Without the pictures, copy all of the data exactly.

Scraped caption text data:
=== Section Start ===

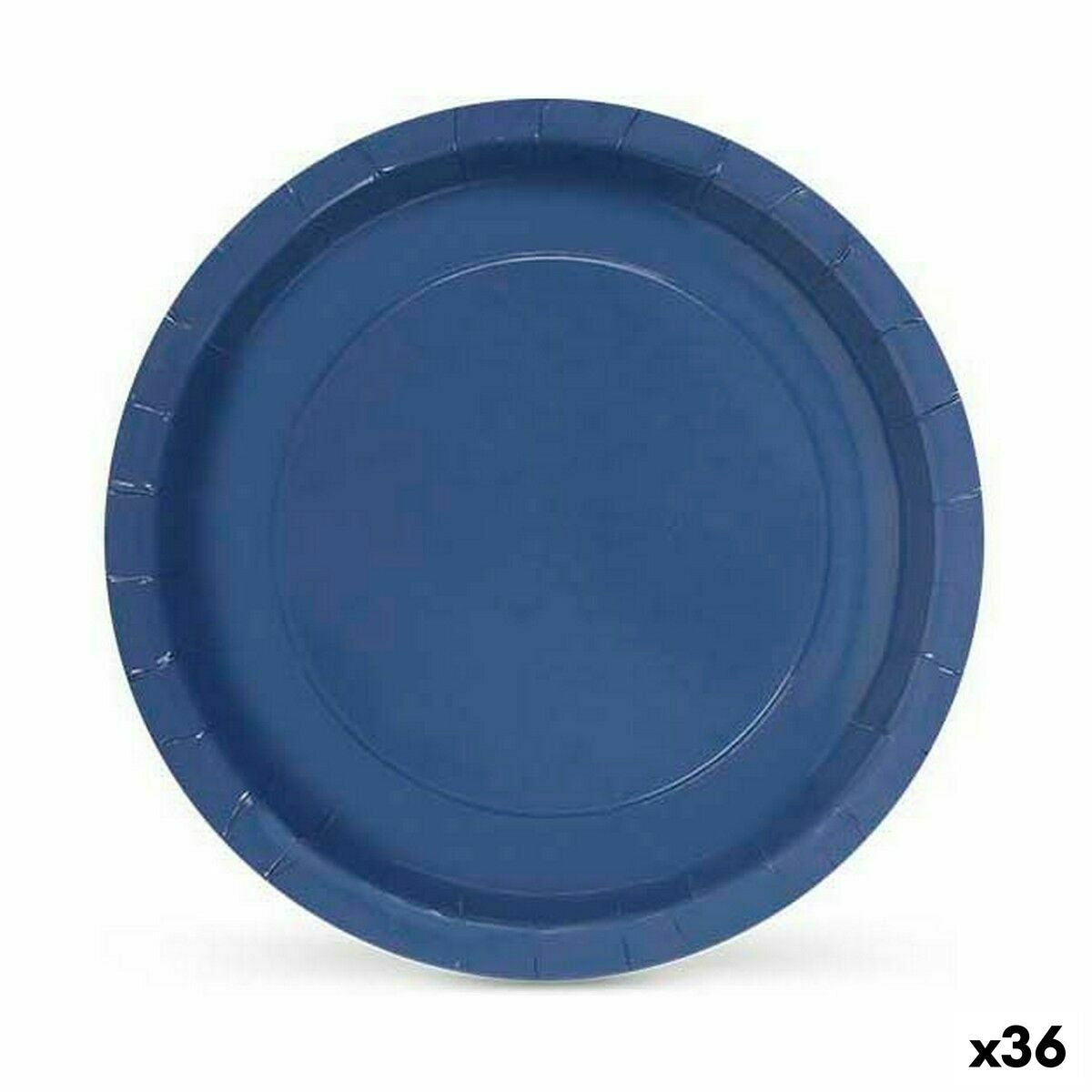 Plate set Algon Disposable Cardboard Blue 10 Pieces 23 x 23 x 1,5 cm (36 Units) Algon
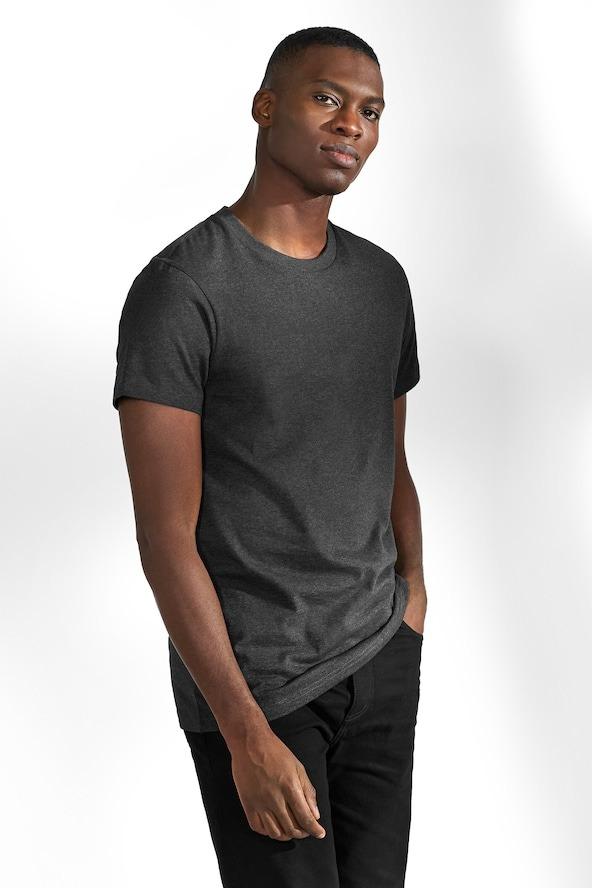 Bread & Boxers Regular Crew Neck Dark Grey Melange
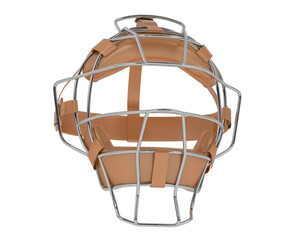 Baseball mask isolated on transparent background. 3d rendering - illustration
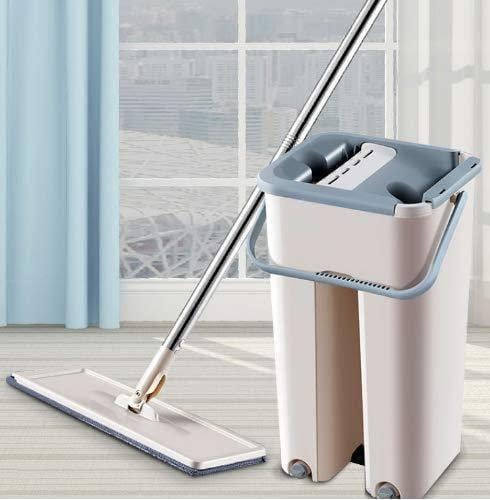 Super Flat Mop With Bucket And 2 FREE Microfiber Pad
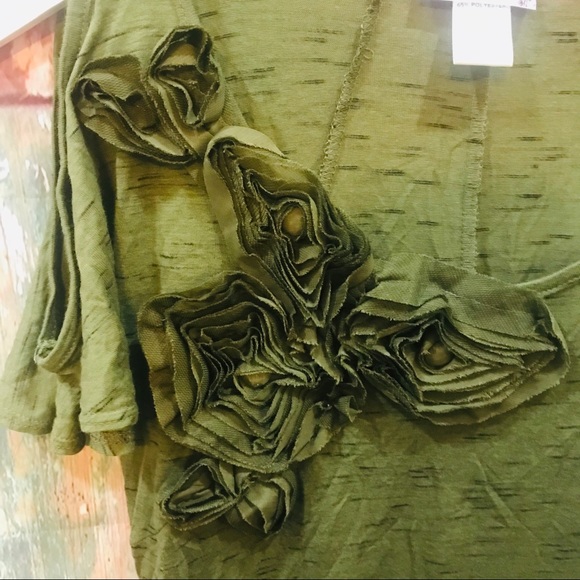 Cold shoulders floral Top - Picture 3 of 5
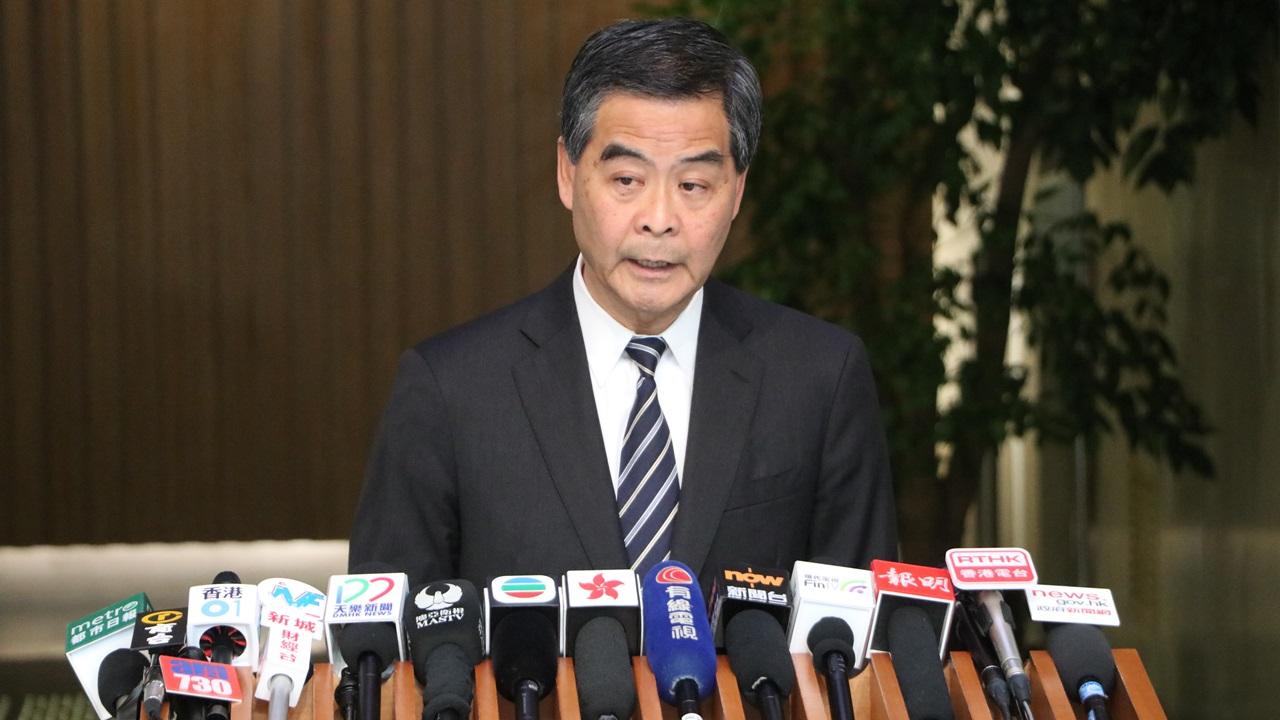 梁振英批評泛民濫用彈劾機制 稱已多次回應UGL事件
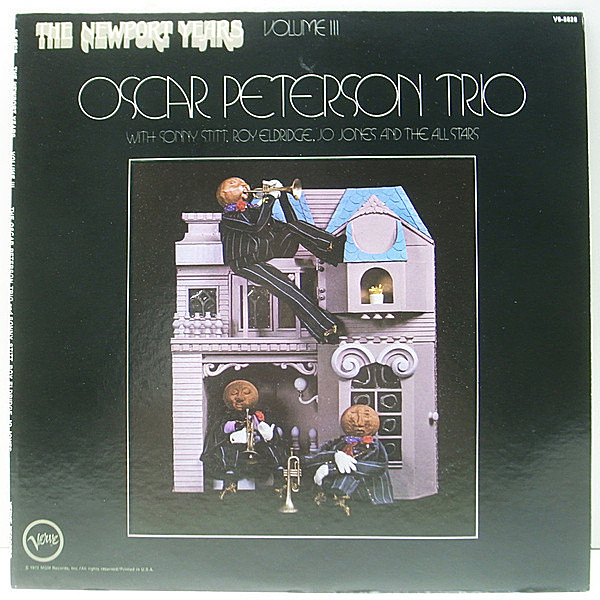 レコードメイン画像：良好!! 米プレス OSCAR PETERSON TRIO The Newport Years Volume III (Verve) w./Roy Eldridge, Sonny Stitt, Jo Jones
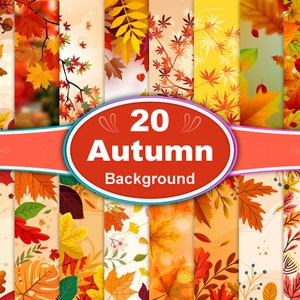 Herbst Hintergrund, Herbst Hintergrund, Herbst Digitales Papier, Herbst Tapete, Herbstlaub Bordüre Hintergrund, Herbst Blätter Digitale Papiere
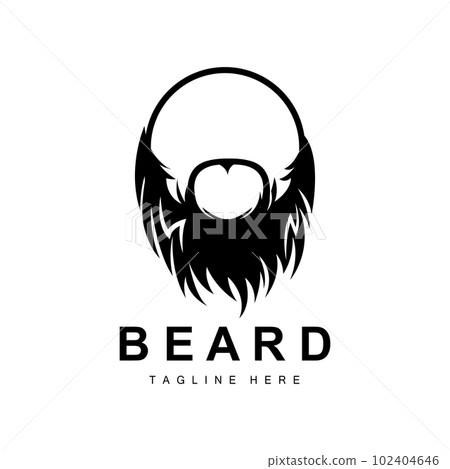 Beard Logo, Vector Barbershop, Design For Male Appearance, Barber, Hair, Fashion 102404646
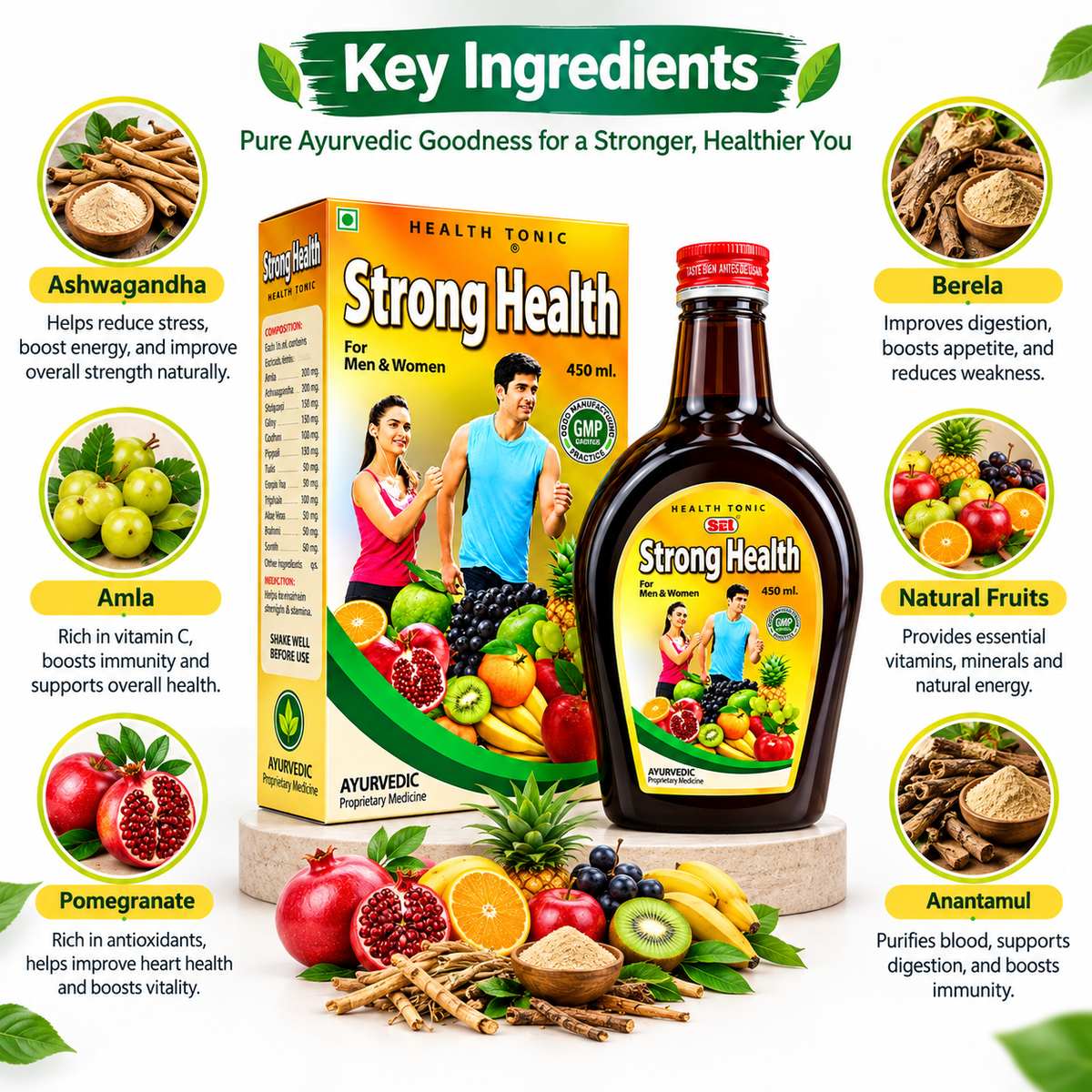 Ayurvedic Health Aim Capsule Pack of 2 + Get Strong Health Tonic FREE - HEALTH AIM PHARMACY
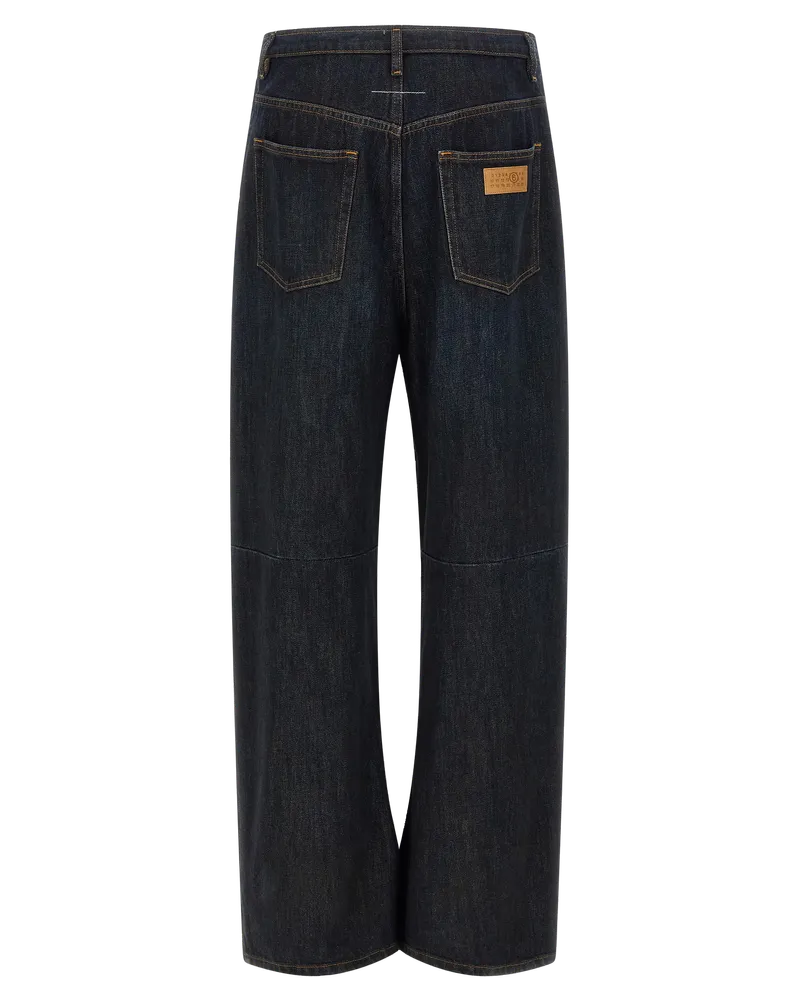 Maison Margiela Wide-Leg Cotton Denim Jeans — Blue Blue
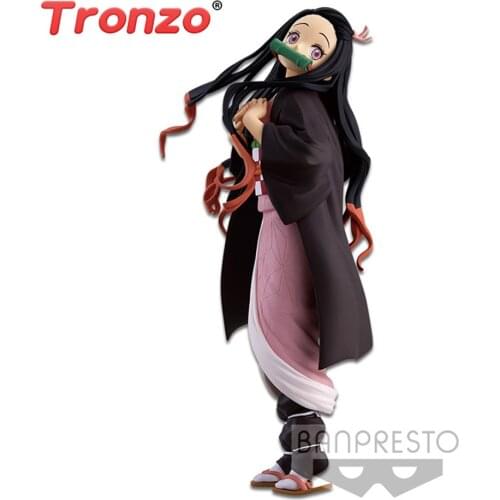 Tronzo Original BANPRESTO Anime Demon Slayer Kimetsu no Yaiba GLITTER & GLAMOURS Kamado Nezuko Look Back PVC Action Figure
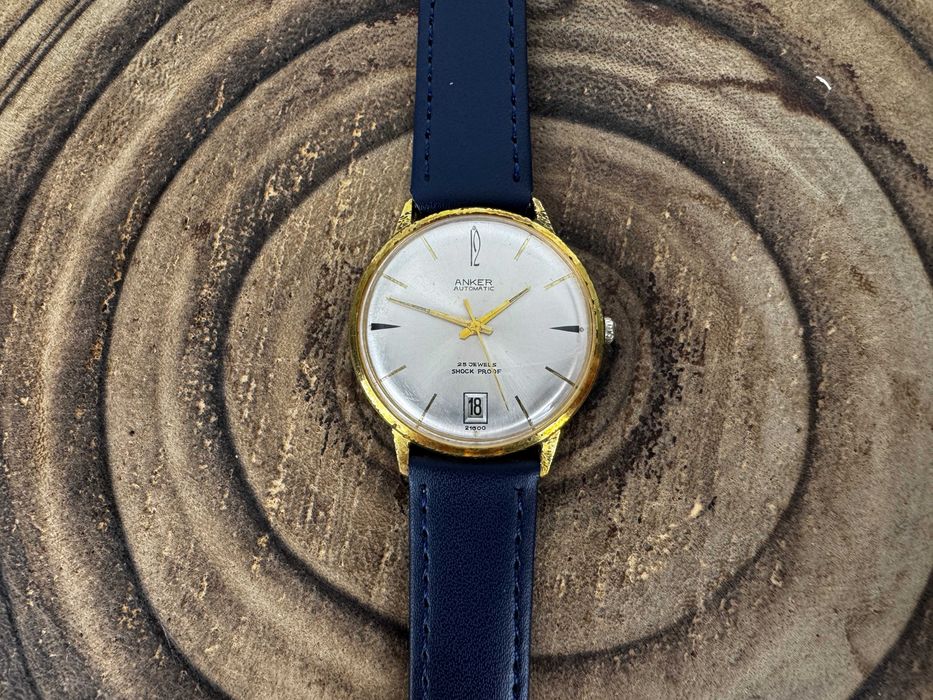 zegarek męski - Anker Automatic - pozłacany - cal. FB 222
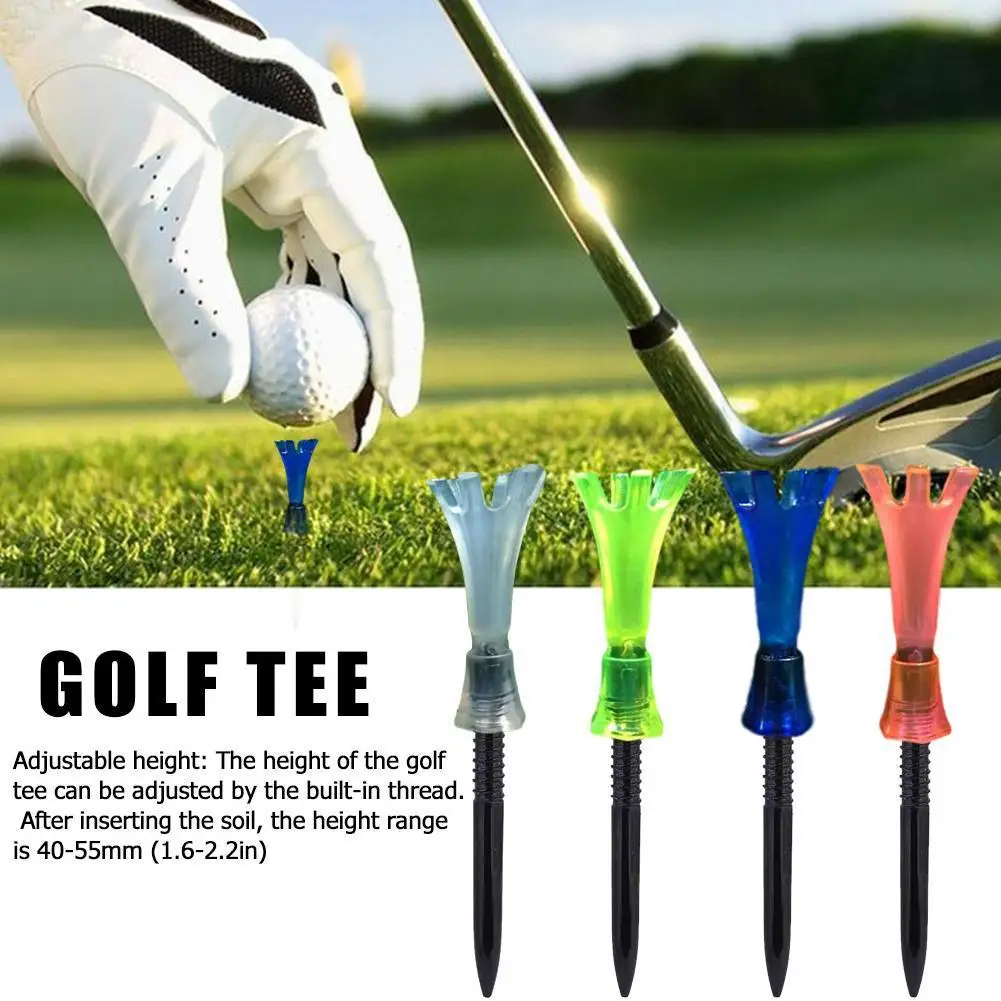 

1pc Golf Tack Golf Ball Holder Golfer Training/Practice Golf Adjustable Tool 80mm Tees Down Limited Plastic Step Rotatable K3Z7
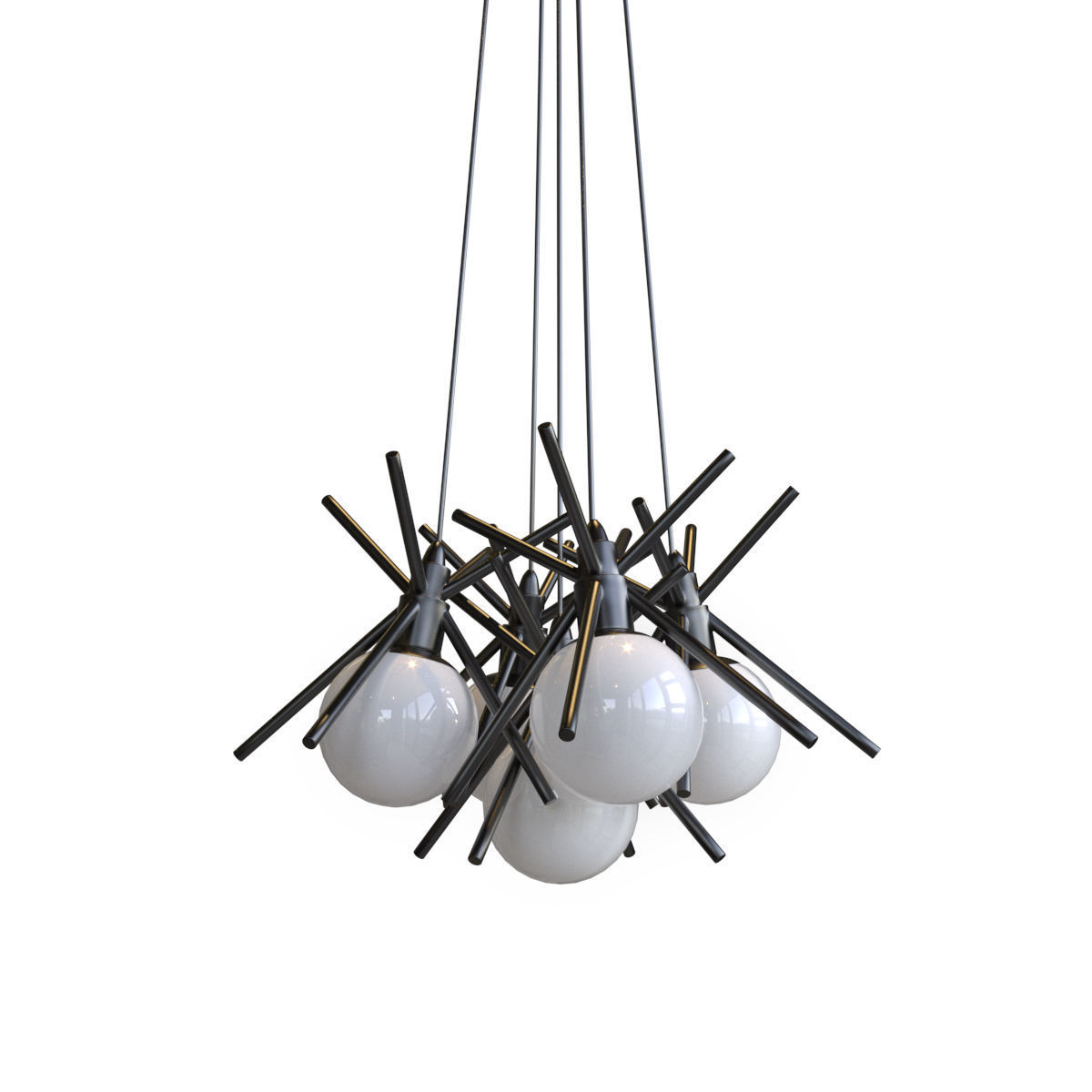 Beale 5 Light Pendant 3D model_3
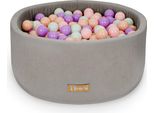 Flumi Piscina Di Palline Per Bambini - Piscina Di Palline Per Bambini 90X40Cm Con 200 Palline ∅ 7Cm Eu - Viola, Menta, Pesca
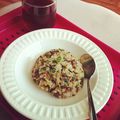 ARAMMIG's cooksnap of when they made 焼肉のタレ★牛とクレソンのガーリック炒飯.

=== Section End ===

**Output for this task:**
 Plate set Algon Disposable Cardboard Blue 10 Pieces 23 x 23 x 1,5 cm (36 Units) Algon
 Bread & Boxers Regular Crew Neck Dark Grey Melange
 Baseball mask isolated on transparent background. 3d rendering - illustration
 Super Flat Mop With Bucket And 2 FREE Microfiber Pad
 Cold shoulders floral Top - Picture 3 of 5
 梁振英批評泛民濫用彈劾機制 稱已多次回應UGL事件
 レコードメイン画像：良好!! 米プレス OSCAR PETERSON TRIO The Newport Years Volume III (Verve) w./Roy Eldridge, Sonny Stitt, Jo Jones
 Herbst Hintergrund, Herbst Hintergrund, Herbst Digitales Papier, Herbst Tapete, Herbstlaub Bordüre Hintergrund, Herbst Blätter Digitale Papiere
 Beard Logo, Vector Barbershop, Design For Male Appearance, Barber, Hair, Fashion 102404646
 Ayurvedic Health Aim Capsule Pack of 2 + Get Strong Health Tonic FREE - HEALTH AIM PHARMACY
 Maison Margiela Wide-Leg Cotton Denim Jeans — Blue Blue
 Tronzo Original BANPRESTO Anime Demon Slayer Kimetsu no Yaiba GLITTER & GLAMOURS Kamado Nezuko Look Back PVC Action Figure
 zegarek męski - Anker Automatic - pozłacany - cal. FB 222

1pc Golf Tack Golf Ball Holder Golfer Training/Practice Golf Adjustable Tool 80mm Tees Down Limited Plastic Step Rotatable K3Z7
 Beale 5 Light Pendant 3D model_3
 Flumi Piscina Di Palline Per Bambini - Piscina Di Palline Per Bambini 90X40Cm Con 200 Palline ∅ 7Cm Eu - Viola, Menta, Pesca
 ARAMMIG's cooksnap of when they made 焼肉のタレ★牛とクレソンのガーリック炒飯.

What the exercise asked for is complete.